What sort of information literacy sessions have you run during the last few months?
A lot of my regular work has shifted online – this has included one-to-one tutorials, synchronous sessions for anything from 5-100 students and asynchronous learning materials. Topics have largely been around searching for electronic information, evaluating information and referencing.
For tutorials, I have used whatever works – mostly Microsoft Teams, Blackboard Collaborate and Skype.
For synchronous teaching sessions, I have mostly been using Blackboard Collaborate, which has worked really smoothly for the most part. I need to become more familiar with Teams for this.
What’s gone well with shifting to online teaching?
Gratitude! Many people have been really pleased (and surprised) that the library can continue to offer teaching and support and are grateful for everything that we can offer.
Interactive elements have largely gone well, but not always in the way I have expected! Finding ways of facilitating interaction in the online environment has been a steep learning curve. However, I have found that students are generally happy to engage in discussion etc., particularly if the first questions are very “low stakes”. It has been interesting to see the different ways each group prefers to engage – some like to speak, while in other groups everyone uses the chat box. Use of polls allows the whole group to participate in a low-stress way, as their fellow participants have no idea what answer they gave! As time goes on, I gradually get more adventurous with means of online interaction.
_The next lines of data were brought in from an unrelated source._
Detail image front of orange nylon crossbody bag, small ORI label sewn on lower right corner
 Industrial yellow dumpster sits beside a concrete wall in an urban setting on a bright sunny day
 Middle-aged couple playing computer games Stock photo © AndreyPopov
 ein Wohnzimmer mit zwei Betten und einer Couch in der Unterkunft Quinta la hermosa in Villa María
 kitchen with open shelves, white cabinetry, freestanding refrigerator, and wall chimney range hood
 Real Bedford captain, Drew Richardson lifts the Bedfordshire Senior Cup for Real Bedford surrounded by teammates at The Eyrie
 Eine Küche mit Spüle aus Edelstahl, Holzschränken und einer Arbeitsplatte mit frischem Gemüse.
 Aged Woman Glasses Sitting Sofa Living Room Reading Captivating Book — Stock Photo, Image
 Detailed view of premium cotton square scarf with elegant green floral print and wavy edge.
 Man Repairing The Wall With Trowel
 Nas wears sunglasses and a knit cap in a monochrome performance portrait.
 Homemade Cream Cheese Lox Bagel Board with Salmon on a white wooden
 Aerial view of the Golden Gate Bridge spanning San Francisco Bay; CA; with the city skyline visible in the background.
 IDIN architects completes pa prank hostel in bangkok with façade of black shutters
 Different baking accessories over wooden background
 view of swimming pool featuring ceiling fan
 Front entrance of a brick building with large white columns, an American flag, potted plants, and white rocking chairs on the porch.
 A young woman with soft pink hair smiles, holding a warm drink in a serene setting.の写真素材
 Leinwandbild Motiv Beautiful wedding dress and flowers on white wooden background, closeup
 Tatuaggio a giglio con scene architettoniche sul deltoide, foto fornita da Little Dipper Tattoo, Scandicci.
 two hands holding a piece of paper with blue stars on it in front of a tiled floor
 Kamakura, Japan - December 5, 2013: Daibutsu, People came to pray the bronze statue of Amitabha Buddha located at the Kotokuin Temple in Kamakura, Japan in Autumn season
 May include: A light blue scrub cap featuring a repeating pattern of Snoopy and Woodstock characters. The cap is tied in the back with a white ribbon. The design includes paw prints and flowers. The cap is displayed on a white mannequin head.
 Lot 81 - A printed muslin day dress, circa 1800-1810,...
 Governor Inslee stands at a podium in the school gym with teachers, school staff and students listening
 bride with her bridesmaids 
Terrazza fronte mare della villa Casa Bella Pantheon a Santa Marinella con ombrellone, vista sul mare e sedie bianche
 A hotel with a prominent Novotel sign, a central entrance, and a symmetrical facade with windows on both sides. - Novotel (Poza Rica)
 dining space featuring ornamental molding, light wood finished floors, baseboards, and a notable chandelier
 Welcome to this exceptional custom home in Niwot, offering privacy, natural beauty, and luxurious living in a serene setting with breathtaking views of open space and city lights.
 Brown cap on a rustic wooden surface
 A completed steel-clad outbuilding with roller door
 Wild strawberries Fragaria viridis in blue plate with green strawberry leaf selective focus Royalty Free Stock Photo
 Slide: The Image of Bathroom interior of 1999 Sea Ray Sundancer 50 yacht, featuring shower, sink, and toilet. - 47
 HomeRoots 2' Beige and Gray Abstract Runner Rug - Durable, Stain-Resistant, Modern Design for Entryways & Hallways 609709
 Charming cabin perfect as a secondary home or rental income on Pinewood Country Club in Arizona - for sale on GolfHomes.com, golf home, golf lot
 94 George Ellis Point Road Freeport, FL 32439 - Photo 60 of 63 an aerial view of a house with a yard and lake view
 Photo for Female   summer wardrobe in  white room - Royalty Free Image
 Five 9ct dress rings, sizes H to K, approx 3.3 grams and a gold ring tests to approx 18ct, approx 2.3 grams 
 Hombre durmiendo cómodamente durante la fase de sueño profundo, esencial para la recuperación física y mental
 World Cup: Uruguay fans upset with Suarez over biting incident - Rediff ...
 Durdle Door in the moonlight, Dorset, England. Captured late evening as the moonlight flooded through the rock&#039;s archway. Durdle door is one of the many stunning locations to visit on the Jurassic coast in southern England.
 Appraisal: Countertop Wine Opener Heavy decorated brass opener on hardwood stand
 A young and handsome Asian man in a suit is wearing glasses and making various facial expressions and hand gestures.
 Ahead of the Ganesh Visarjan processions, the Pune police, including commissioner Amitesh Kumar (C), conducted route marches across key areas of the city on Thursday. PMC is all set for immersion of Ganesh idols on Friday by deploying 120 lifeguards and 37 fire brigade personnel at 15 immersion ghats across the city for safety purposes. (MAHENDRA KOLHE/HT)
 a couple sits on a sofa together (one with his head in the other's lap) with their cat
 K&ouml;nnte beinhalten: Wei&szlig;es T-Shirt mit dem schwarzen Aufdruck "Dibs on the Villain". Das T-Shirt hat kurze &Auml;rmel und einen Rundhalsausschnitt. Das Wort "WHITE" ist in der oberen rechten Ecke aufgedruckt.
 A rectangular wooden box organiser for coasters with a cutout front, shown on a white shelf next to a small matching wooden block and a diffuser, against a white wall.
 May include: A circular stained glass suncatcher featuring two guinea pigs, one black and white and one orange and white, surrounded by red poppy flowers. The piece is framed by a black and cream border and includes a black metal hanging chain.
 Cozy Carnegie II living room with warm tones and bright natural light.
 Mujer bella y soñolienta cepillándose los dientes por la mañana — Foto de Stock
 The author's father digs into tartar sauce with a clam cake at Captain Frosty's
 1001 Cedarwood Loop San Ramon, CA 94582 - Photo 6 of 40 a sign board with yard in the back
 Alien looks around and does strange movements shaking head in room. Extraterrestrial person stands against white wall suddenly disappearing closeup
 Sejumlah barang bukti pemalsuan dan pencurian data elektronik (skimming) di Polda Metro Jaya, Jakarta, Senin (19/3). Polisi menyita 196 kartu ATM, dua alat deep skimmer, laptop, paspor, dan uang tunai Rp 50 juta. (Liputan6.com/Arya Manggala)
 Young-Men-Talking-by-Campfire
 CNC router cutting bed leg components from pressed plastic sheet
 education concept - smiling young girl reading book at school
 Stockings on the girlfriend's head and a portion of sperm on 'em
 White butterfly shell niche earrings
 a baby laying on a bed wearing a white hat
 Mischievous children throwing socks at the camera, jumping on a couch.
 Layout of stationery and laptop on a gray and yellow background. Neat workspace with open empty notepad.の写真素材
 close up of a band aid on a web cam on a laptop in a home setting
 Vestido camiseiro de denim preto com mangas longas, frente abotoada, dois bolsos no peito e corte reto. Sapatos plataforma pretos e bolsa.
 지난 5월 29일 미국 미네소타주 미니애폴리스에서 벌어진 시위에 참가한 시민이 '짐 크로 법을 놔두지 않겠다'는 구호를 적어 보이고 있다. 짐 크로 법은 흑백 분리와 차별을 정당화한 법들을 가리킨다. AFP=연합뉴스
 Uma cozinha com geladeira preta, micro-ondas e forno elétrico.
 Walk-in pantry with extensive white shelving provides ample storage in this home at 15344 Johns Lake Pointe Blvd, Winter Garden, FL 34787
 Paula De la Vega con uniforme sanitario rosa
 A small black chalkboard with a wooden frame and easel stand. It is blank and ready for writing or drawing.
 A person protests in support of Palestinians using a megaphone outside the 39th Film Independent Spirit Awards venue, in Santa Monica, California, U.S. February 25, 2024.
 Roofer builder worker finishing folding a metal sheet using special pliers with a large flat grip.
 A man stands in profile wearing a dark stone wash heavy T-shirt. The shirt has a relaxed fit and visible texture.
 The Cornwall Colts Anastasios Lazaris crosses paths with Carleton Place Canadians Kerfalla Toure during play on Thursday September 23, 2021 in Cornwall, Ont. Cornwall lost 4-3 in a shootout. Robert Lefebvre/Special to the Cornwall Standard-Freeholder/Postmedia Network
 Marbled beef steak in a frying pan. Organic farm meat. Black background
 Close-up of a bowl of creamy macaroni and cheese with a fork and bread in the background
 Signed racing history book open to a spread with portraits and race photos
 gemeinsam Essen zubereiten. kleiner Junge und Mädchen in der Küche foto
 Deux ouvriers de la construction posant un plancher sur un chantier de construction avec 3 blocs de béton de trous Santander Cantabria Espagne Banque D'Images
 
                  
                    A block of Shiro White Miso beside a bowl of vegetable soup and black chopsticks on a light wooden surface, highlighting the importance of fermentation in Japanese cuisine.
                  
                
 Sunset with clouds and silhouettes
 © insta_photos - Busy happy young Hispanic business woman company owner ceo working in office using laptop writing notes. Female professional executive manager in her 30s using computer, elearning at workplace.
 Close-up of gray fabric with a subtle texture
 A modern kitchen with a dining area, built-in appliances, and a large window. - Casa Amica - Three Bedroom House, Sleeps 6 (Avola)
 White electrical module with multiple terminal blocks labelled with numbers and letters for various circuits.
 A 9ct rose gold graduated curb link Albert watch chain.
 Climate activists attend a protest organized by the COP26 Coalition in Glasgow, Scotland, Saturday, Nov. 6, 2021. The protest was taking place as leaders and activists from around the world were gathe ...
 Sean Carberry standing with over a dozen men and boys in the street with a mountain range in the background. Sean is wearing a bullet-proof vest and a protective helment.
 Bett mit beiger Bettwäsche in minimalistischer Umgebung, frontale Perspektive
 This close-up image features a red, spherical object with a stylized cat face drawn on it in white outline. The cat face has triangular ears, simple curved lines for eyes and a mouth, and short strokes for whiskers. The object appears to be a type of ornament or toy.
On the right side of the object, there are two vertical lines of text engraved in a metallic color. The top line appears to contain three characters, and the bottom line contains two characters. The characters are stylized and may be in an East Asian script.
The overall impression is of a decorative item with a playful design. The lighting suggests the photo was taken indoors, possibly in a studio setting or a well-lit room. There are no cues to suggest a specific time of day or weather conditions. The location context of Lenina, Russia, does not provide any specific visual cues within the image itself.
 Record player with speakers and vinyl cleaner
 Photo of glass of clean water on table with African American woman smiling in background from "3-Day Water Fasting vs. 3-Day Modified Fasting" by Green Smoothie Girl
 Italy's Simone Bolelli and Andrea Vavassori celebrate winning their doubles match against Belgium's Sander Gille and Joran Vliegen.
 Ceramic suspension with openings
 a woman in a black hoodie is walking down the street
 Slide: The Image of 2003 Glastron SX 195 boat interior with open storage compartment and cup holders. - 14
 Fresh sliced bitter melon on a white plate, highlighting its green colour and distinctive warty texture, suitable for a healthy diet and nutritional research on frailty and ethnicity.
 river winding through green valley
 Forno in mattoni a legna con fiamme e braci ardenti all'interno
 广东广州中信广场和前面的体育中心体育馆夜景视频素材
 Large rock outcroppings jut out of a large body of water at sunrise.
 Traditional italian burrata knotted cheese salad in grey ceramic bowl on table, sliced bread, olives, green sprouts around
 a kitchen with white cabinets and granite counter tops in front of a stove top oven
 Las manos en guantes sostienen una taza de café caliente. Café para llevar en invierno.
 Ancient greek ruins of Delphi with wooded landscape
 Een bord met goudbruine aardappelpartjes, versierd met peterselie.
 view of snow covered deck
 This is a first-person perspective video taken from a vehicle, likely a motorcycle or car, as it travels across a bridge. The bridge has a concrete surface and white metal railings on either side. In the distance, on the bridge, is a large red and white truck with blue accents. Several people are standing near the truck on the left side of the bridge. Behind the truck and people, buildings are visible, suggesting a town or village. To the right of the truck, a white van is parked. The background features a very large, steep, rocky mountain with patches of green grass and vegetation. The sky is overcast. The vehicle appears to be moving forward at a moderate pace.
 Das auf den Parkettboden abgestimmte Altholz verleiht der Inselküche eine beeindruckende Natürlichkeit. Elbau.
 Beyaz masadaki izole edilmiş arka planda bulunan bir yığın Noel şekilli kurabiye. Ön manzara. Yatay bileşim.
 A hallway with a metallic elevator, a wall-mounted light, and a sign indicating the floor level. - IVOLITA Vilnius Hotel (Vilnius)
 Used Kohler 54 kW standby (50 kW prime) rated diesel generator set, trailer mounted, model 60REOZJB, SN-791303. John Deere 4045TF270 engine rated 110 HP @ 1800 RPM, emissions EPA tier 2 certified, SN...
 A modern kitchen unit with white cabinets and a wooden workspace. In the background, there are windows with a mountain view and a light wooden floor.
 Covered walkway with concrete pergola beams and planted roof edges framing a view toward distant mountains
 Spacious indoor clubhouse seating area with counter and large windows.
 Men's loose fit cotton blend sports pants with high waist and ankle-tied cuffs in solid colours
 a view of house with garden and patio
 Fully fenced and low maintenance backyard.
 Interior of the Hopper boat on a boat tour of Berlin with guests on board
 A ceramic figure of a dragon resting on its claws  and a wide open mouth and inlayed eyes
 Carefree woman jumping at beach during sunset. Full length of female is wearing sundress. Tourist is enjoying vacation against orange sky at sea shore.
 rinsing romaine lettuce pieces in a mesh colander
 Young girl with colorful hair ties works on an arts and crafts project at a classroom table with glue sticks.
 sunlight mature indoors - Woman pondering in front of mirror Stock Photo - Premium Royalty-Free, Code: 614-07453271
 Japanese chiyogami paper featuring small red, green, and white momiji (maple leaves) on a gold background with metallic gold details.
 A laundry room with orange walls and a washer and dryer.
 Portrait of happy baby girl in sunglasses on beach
Being “human” is important, and has been welcomed by students. The tone of my professional social media presence has become more relaxed and personal (a change I will keep) and I have tried to maintain this in my teaching interactions. Also, in one-to-ones, I have found that students are keen to connect about the strangeness of the situation before diving in to what they wanted to ask.
What’s been your biggest challenge?
The biggest challenge is probably managing myself. Online teaching is hard and it’s exhausting. For me, preparing a good set of asynchronous learning materials takes longer than preparing a workshop, and a synchronous online session with more than a few students is far more tiring than an equivalent face-to-face session. Plus, there are the challenges of working in a different environment, with an internet connection which isn’t a patch on what I’d get on site.
There have been times when “good enough” has not felt enough, but I have had to persuade myself that it really is! Scheduling a short break after group teaching sessions has helped.
I have been very bad at asking for help, but so grateful for it! I have realised that trying to do this alone is neither sensible nor sustainable.
Can you share 3 top tips for others planning to teach information literacy sessions online?
- Don’t try to do it alone! If you have more than a handful of students, have someone with you in the session to help manage the chat box. Even better, arrange to team teach in short chunks, giving the students a change of voice (and you a rest). Plus, if your internet connection decides to play pranks on you, having a second person stops that becoming a disaster!
- Find out how the platforms you use appear on different devices and browsers. For instance, the experience of using Microsoft Teams signed in via a desktop app is vastly different than using it as a guest via a web browser. Knowing these things can help you plan a more inclusive session.
- If you have a lesson plan or notes, stick these up just behind your device so that when you glance at them, your eye line is closer to your camera. Of course, if you turn your camera off, that no longer matters!
This case study was produced in response to a survey being carried out by the CILIP Information Literacy Group Chair, Jane Secker, and one of the CILIP Information Literacy Group’s School Library reps, Sarah Pavey, who are carrying out some research into the shift to online teaching that has taken place in UK education in relation to information literacy teaching.